Teach employees when conflict is and is not appropriate. Reorganize teams if necessary. Give people time to relax if a conversation gets intense or conflict begins.

If conflicts continue to arise, it may be time to reconsider a certain employee’s position. Their values may not align with yours, which causes conflict and brings down the entire team.

Teach Them How to Communicate

Communication is key to solving conflict. Both parties must be able to discuss their goals, desires, willingness to compromise, and other aspects of ending the conflict.

Lots of disagreements between staff signal it is time for you to teach your team about proper communication.

There are multiple courses you can have employees take or different techniques employees can learn to communicate well with the rest of the group.

Lead By Example

Create a standard for employees and use yourself as an example of proper behavior. You must first be open and honest with yourself before you demand employees to do the same.

Start by addressing your own communication and conflict management skills, work on your empathy, try out multiple conflict management styles, and truly listen if you ever get involved in a conflict.

You will gain experience in conflict management, so your insights and tips will be more valuable to employees.

Also, some team members may be more excited by the idea of conflict management if they see their leader working on such skills.

Conflict Management FAQ

What are the 5 conflict management strategies?

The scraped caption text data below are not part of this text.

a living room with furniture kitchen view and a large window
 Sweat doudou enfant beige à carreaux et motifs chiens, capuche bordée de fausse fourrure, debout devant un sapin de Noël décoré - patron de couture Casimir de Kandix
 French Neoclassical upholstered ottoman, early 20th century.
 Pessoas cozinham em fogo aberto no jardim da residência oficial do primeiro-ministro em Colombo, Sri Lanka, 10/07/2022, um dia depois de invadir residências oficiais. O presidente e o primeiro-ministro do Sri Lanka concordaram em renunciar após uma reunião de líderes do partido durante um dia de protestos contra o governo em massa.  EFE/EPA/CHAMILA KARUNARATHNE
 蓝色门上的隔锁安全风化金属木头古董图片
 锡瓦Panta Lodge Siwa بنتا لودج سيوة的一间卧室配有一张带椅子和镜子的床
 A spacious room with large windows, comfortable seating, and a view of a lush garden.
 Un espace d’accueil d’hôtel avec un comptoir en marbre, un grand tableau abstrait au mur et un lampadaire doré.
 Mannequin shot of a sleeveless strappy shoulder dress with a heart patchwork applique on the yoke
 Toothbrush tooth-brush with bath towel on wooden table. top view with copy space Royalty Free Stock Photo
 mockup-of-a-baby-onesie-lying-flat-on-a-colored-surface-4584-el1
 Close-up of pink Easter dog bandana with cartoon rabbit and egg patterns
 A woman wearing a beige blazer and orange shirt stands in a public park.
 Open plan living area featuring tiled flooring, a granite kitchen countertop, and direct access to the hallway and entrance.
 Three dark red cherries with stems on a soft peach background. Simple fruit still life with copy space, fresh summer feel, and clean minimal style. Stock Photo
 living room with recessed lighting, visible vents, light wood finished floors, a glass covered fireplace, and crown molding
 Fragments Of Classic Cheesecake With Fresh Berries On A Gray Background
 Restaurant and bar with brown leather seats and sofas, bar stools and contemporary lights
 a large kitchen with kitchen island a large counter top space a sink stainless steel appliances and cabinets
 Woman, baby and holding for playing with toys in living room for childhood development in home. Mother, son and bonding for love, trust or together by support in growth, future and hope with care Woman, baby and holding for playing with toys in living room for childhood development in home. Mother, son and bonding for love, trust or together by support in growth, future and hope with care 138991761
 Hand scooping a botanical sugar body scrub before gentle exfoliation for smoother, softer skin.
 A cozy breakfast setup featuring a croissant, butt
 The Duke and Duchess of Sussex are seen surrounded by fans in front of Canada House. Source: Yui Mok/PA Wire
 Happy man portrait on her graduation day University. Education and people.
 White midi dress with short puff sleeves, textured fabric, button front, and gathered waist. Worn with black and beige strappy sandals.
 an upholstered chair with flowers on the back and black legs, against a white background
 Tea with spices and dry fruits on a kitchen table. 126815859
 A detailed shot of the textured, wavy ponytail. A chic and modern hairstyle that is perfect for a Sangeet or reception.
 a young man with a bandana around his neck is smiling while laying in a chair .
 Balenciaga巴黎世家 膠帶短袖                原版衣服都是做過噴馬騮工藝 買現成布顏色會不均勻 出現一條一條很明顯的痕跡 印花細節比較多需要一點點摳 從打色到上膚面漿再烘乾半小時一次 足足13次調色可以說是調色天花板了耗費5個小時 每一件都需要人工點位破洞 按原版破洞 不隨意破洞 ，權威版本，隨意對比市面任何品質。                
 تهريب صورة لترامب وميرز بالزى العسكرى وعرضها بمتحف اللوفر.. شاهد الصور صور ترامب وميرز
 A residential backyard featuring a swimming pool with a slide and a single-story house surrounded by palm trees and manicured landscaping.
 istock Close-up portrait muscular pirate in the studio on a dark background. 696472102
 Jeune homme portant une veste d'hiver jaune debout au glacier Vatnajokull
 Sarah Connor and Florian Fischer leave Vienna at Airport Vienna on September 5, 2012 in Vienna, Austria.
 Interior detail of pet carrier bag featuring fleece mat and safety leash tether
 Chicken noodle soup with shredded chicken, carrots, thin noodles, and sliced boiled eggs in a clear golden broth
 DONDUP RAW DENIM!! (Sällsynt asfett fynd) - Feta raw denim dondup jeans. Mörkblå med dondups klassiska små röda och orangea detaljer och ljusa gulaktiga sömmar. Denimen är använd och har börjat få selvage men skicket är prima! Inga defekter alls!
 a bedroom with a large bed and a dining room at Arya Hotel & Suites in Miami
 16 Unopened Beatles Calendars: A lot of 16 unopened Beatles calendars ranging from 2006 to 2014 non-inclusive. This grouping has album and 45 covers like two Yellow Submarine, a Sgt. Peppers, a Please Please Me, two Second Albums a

Each leader has a unique approach to mitigate and prevent conflicts. However, psychologists often split conflict management techniques into five distinct types of strategies.

These five strategies are the collaborating, competing, avoiding, accommodating, and compromising styles. Accommodation involves placing the other person’s needs above your own, while collaborating involves both parties achieving what they desire.

Compromising involves both parties giving up something to get something, competing involves competition and a “winner takes all” attitude, and the avoiding style involves someone avoiding conflicts.

What are the 4 steps to conflict management?

There is no one-size-fits-all approach to conflict mitigation. However, if you need a general outline, you can usually solve a conflict in 4 steps. First, you must understand the issue.

Get the perspective of both parties and understand the root cause of the issue. Then, propose a solution. Have both parties weigh in with their thoughts. Explore other options together. Finally, agree on a single course of action that leaves both individuals satisfied.

Overall Conclusion On Conflict Management

As a leader, you should be committed to growth while ensuring your team is satisfied and fulfilled with their job.

When conflicts arise, your instinct may be to get emotional or look to the past to pick aside. Ensure you set aside such emotional reactions and rather choose to speak with team members directly.

Teach them about ways to manage their conflicts, and only intervene when it is truly necessary as independence is an element of strengthening your manager-employee relationship.

Speaking about conflict management has a plethora of benefits, including increased revenue, more trust between employees, continued collaboration, and strengthened empathy.

You can also avoid an immense amount of drama and negativity by managing conflict.

Conflict in and of itself is not always negative, so you as a leader must learn when to get involved and when to be hands-off.

Remember the benefits of acquiring this skill and continue being team-oriented for long-term success.